- Exercise objective
Reproduce the lines of the listing exactly, beginning at the top, until the line with "3708 N Cheyenne Street" has been reproduced too.

- Provided material
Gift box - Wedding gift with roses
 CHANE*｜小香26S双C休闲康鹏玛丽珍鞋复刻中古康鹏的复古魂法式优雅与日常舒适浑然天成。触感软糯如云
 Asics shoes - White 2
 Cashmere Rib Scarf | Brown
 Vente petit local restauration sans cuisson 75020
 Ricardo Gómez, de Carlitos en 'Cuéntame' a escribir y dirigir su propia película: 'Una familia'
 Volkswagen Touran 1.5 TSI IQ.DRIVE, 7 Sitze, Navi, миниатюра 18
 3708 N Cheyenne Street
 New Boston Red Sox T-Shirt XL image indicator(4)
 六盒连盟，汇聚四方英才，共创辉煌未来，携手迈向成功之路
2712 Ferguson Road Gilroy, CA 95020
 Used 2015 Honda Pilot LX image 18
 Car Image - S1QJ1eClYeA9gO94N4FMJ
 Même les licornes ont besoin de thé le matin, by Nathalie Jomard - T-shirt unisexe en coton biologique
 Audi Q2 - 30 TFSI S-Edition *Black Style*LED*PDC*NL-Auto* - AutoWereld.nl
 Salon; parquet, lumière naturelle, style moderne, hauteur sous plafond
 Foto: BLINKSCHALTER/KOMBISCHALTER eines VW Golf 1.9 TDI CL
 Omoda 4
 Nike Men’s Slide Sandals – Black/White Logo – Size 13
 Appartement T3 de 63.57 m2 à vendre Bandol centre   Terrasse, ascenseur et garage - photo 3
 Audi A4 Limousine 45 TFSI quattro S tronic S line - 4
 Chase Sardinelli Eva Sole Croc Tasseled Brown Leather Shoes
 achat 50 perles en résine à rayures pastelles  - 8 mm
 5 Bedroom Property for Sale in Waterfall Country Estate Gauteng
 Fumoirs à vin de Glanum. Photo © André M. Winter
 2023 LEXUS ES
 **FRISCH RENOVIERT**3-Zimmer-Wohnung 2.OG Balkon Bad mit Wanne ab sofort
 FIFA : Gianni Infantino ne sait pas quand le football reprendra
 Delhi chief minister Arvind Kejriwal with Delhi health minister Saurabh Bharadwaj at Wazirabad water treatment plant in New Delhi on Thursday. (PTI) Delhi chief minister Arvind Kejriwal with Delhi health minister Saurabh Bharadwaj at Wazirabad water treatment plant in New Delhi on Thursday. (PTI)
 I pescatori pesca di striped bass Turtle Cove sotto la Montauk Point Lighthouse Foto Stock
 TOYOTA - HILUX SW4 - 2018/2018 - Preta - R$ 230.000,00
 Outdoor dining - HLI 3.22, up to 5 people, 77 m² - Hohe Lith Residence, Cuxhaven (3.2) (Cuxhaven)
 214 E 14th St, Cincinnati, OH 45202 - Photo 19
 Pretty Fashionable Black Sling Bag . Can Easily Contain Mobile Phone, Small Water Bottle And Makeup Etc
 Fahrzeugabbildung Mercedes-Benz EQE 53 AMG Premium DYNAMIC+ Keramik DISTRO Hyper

- Problem solution
Gift box - Wedding gift with roses
 CHANE*｜小香26S双C休闲康鹏玛丽珍鞋复刻中古康鹏的复古魂法式优雅与日常舒适浑然天成。触感软糯如云
 Asics shoes - White 2
 Cashmere Rib Scarf | Brown
 Vente petit local restauration sans cuisson 75020
 Ricardo Gómez, de Carlitos en 'Cuéntame' a escribir y dirigir su propia película: 'Una familia'
 Volkswagen Touran 1.5 TSI IQ.DRIVE, 7 Sitze, Navi, миниатюра 18
 3708 N Cheyenne Street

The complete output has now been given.